Kentucky and Texas joined a growing list of states that are seeing record numbers of hospitalized COVID-19 patients in a surge that is overwhelming doctors and nurses and afflicting more children.
Intensive care units around the nation are packed with patients extremely ill with the coronavirus — even in places where hospitalizations have not yet reached earlier peaks.
The ICU units at Phoebe Putney Memorial Hospital in Georgia typically have room for 38 patients, and doctors and nurses may have only two or three people who are very sick, said Dr. Jyotir Mehta, medical director of the ICU. On Wednesday, the ICU had 50 COVID-19 patients alone, roughly half of them relying on ventilators to breathe.
“I don’t think we have experienced this much critical illness in folks, so many people sick at the same time,” Mehta said.
He said talking to family members is difficult. “They are grasping for every hope and you’re trying to tell them, ‘Look, it’s bad,’” he said. “You have to tell them that your loved one is not going to make it.”
In New Mexico, top health officials warned Wednesday that the state is about a week away from rationing health care. The number of coronavirus patients needing care at hospitals jumped more than 20% in a day.

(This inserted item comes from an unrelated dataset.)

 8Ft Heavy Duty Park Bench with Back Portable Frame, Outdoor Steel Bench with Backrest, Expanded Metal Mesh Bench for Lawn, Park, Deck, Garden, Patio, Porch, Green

“We’re going to have to choose who gets care and who doesn’t get care,” state Health and Human Services Secretary Dr. David Scrase warned. “And we don’t want to get to that point.”

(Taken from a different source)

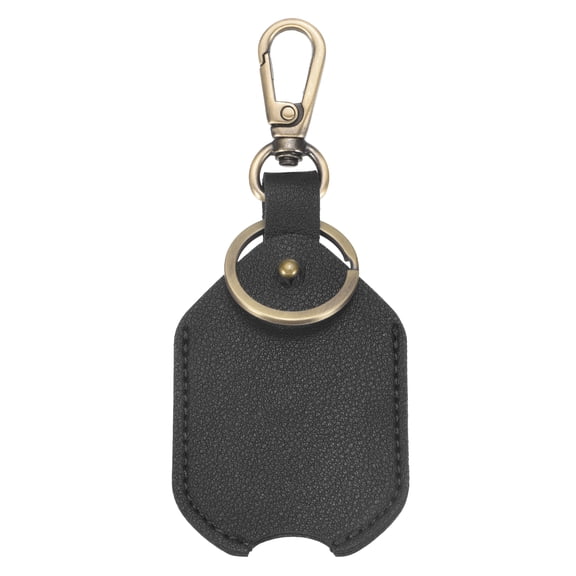 Uxcell Leather Keys Sleeve (Black) - Car Key Cover, PU Car Key Protector Keys Loop Replacement with Swivel Lobster Clasp for Men & Women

In Idaho, state leaders called on residents to volunteer to help keep medical facilities operating.
Texas and Kentucky on Wednesday reported more COVID-19 patients in their hospitals than at any other time since the pandemic began. At least six other states — Arkansas, Florida, Louisiana, Hawaii, Mississippi and Oregon — have already broken their hospitalization records.
In Texas, roughly 56% of the population is fully vaccinated — above the national average — but Republican Gov. Greg Abbott has banned mask and vaccine mandates. Many counties and school districts have defied his mask ban.

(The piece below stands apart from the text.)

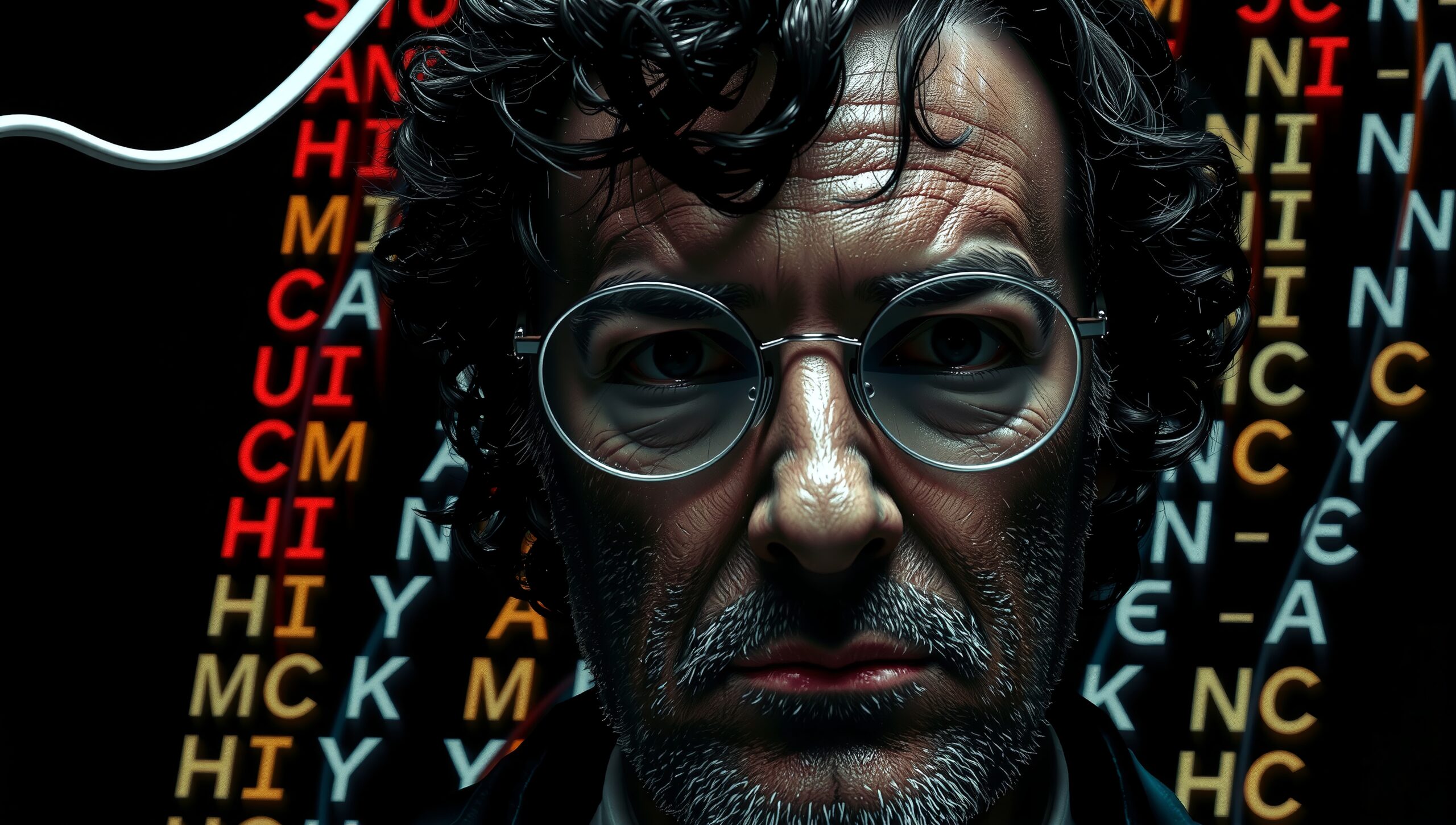 Mysterious Man with Letters Backdrop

In Kentucky, 56% of the population has received at least one vaccine dose — below the national average — and public health officials have blamed the lag in part for the state’s surge. Democratic Gov. Andy Beshear’s COVID-19 restrictions expired in June, and the GOP-controlled legislature has blocked him from issuing new mask requirements or capacity restrictions.
Nationwide, COVID-19 deaths are running at more than 1,100 a day, the highest level since mid-March, and new cases per day are averaging over 152,000, turning the clock back to the end of January. As of early this week, the number of people in the hospital with the coronavirus was around 85,000, a level not seen since early February.
The surge is largely fueled by the highly contagious delta variant among people who are unvaccinated. In areas where vaccination rates are particularly low, doctors have pleaded with their communities to get inoculated to spare overburdened hospitals.
They have also sounded the alarm about the growing toll of the variant on children and young adults.
Children now make up 36% of Tennessee’s reported COVID-19 cases, marking yet another sobering milestone in the state’s battle against the virus, Health Commissioner Lisa Piercey said Wednesday. She said the state had 14,000 pediatric cases in the last seven days — a 57% increase over the previous week.
In South Carolina, students will again be required to wear masks on school buses starting Monday as COVID-19 cases among children and students rise rapidly.
Nearly 30% of new cases in South Carolina in the past two weeks have been in people 20 and under. During the same time in 2020, about 17% of cases were in children and teens, according to state officials.
Anderson Lopez Castillo, a nurse who cares for seriously ill COVID-19 patients at UAB Hospital in Birmingham, Alabama, said treating people as young as 16 in critical care has become an additional strain on top of a nearly yearlong ordeal that left him questioning his choice of a profession.
“Initially we saw a lot of older people getting it. It was like, ‘OK, we can tackle this. Even if it is stressful, even if it’s a dangerous virus, it’ll probably not be that bad on us as nurses taking care of these older patients,’” he said.
Castillo, 24, said he now sees the virus making young people very sick, and it makes him and other young nurses think of their own mortality.
“There’s definitely a little subconscious thought in the back of all of our heads going, ‘You know, that could be us,”’ he said.